Road Trips : US Tour 1997 : Illinois/Wisconsin

Tuesday 9 September 1997

It was cloudy and rainy, so I skipped the top of the Arch and just sort of looked around downtown and along the remnants of Route 66 after taking the car in for a checkup. I also didn't venture back out last night, more from a lack of energy than a lack of "courage"...

Once out of St. Louis, I hit Route 66 in a major way. After a stop at a little roadside "welcome center" in Hamel, staffed by a very nice and talkative woman, I was on the way. Two things amazed me: the excellent route markers supplied by the state of Illinois, and the friendliness of the people in the establishments along the old road. Once they learned I was traveling 66, I was treated to stories, photos, and (loved this part) free stuff! Excellent drive.



The Ariston Cafe in Litchfield is a definite Route 66 must. The food was great, and the owners showed me books and pictures and introduced me to the German tourists at the other end of the counter who were also traveling "the road". Apparently, Route 66 tourism is big with Germans.



After a very long drive through the fertility of central Illinois, I finally arrived at Steven's house in Madison. Very nice guy, very nice town. And since the heat had finally let up by this point, very nice sleep. This was a welcome thing.

Madison is not an exciting place by any stretch of the imagination, but I found plenty to do there and had a great time. Especially compared to last year's visit, which was essentially a convenience store run during the Minneapolis trip.

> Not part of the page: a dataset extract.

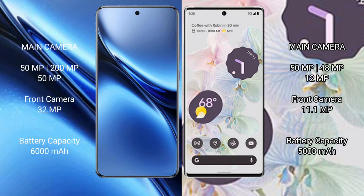The Vivo X200 Pro features a rear triple camera setup of 50MP plus 200MP plus 50MP, and a front camera of 32MP. The Google Pixel 6 Pro features a rear triple camera setup of 50MP plus 48MP plus 12MP, and a front camera of 11.1MP.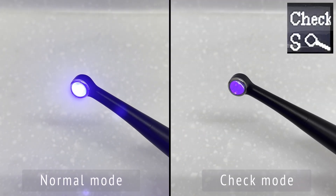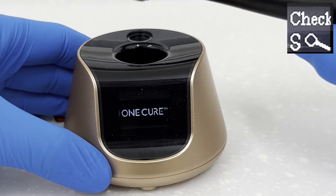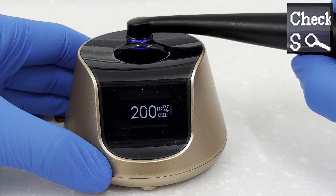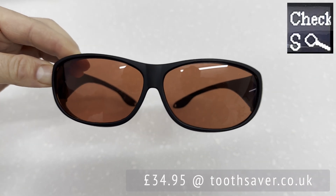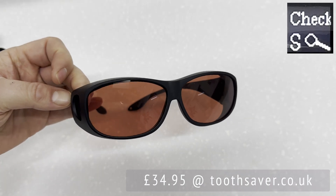The third and final mode is my favourite, one I have used many times since receiving the unit: Check mode. Check mode is officially used to show areas of decay in a cavity. The light intensity is visibly much less in this mode. It is advised to wear special glasses when using Check mode; these can be bought from toothsaver.co.uk for £34.95. Without the glasses you can still see decay show up, but with the glasses the decay is visually much clearer.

Wednesday 10 September 1997



They call Madison "the Berkeley of the East", due to its leftist campus politics, etc. This was in fact the first city in the US to have a municipal gay rights ordinance on the books.

It's definitely an attractive place. The city surrounds an isthmus between two lakes. Thus, there is s a very pronounced east and west side, and travel between the two is sometimes difficult thanks to the bottleneck caused by locating downtown on the isthmus.

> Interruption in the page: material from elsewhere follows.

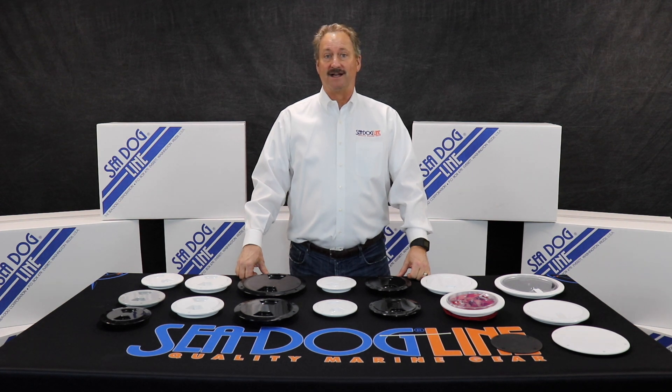Hi, my name is Norman Drengschel with the SeaDog line. Today I'm here to talk about deck plates or access plates.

Given all this, it's interesting to see how strangely conservative the place appears on the surface. I saw much more "collegiate preppy" than "collegiate punk". I didn't really sample the gay scene here, being warned that most of the interesting nightlife options perished in the Hotel Washington fire a couple of years ago.

I did cruise the State Street campus strip a bit and also found a few thrift stores and an excellent used book store, Shakespeare's, where I scored an original 1964 New York World's Fair guidebook pretty cheap.

Definitely a nice enough place.

Thursday 11 September 1997

This morning, I hit the road early en route to Milwaukee (which kept my interest for about half an hour, I'm disappointed to say) and then Chicago, which is where I now sit, in a creepy mall in the suburb of Skokie, waiting for Joseph to get off work so I can dump my stuff and begin the next round of the tour.